I use this for example if I want to swirl or add honey or salt, and I want to make sure I have stable LIGHT trace- I will start a little higher... to make sure I have time there...


----------



## Guest (Aug 23, 2011)

> I want to make sure I have stable LIGHT trace- I will start a little higher



You get stable trace with higher temps ? I don't pay much attention to temps, but I would have guessed the other way around ...


----------



## FreeRabbit (Aug 23, 2011)

Starum said:
			
		

> > I want to make sure I have stable LIGHT trace- I will start a little higher
> 
> 
> 
> You get stable trace with higher temps ? I don't pay much attention to temps, but I would have guessed the other way around ...



no... a much lighter trace, with low temps it may turn thick too fast for me... it's only 2 degree diffrent


----------



## IrishLass (Aug 23, 2011)

Starum said:
			
		

> > I want to make sure I have stable LIGHT trace- I will start a little higher
> 
> 
> 
> You get stable trace with higher temps ? I don't pay much attention to temps, but I would have guessed the other way around ...

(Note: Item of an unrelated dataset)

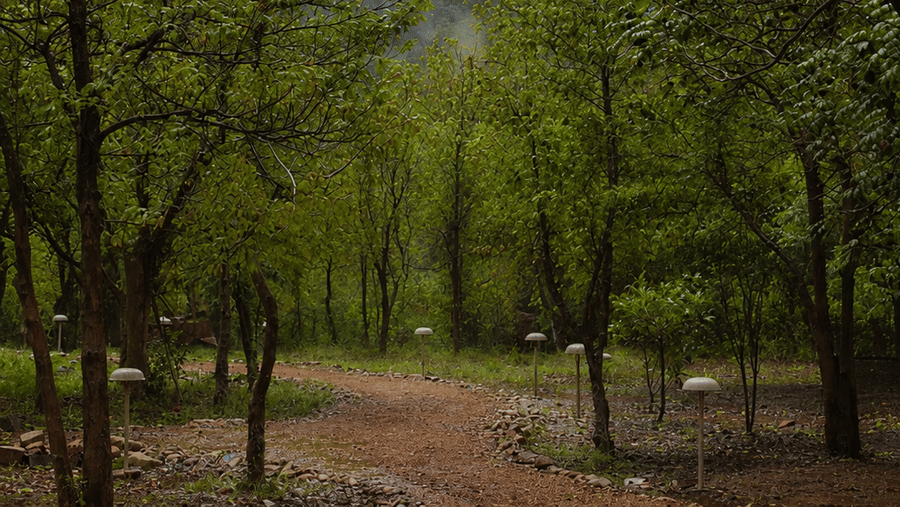 Property Ground and walkways - Surya Bagh-Ajabgarh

Formula, formula, formula.  :wink:  It all depends on the formula.    I get a 'stable light trace', too, whenever I soap my formulas that contain a higher % of solid fats like hydrogenated PKO, cocoa butter, kokum butter, etc... at a higher temperature than normal. If I soap them at room temp or wait until things cool down too far, I find to my consternation that I have a fast-forming pseudo trace on my hands to deal with and I end up with spotty soap.


IrishLass


----------



## sndrcr3 (Aug 24, 2011)

Thanks everyone for the great tips and advice. I tried again with the same amount of oils but at a much lower temp. I made sure the lye solution (concentrated at 38% - using SoapCalc. Superfat 7%) was to about 110f to 120f and that the oils were within 10 degrees of that, about 115 to 120f. I pulsed with the stick blender only once for a second. The rest of the time I stirred by hand. Trace happened again within 20 seconds. I did not add any essential oils or fragrances to the oils before melting them down and adding the lye. What I did add was 3 tsps. of kaolin clay, as I've found that this acts as a great stabilizer for essential oil fragrances. Could the clay be playing a part? I'm as sure as I can be that the oil I'm using is pure olive oil (75% of my recipe) and that the coconut oil is just that (25%of the recipe). I ordered from Jedwards International, but I plan on contacting them today to make 100% sure my oils are what they say they are. The batch of soap with the slightly crumbled edges did zap a bit when I tongue tested it, so I'm going to see what I can do to possibly rebatch it. That batch gelled all around accept for the edges, which left a "rind" around the soap which I don't mind the look of, however the crumbly zapping edges I mind big time  :evil:


----------



## honor435 (Aug 24, 2011)

have you looked into walmart or soapers choice for oils? why dont they give you a price on that jewards place?


----------



## carebear (Aug 24, 2011)

honor435 said:
			
		

> have you looked into walmart or soapers choice for oils? why dont they give you a price on that jewards place?


I order from Jedwards. The have prices posted unless something is out of stock.


----------



## IrishLass (Aug 24, 2011)

sndrcr3 said:
			
		

> That batch gelled all around accept for the edges, which left a "rind" around the soap which I don't mind the look of, however the crumbly zapping edges I mind big time  :evil:



Ah- the bane of partial gel.  8)  Zapping, and somewhat of a soft, crumbly texture (would you say cream cheese-like?) is pretty standard for freshly unmolded, ungelled soap, and it sounds like that's exactly what you may have going on there around your edges. If so, just let your soap sit for awhile longer, and 'dollars-to-donuts', the edges should cure out and catch up with the firm, tongue-neutralness of the innards just fine. 

IrishLass


----------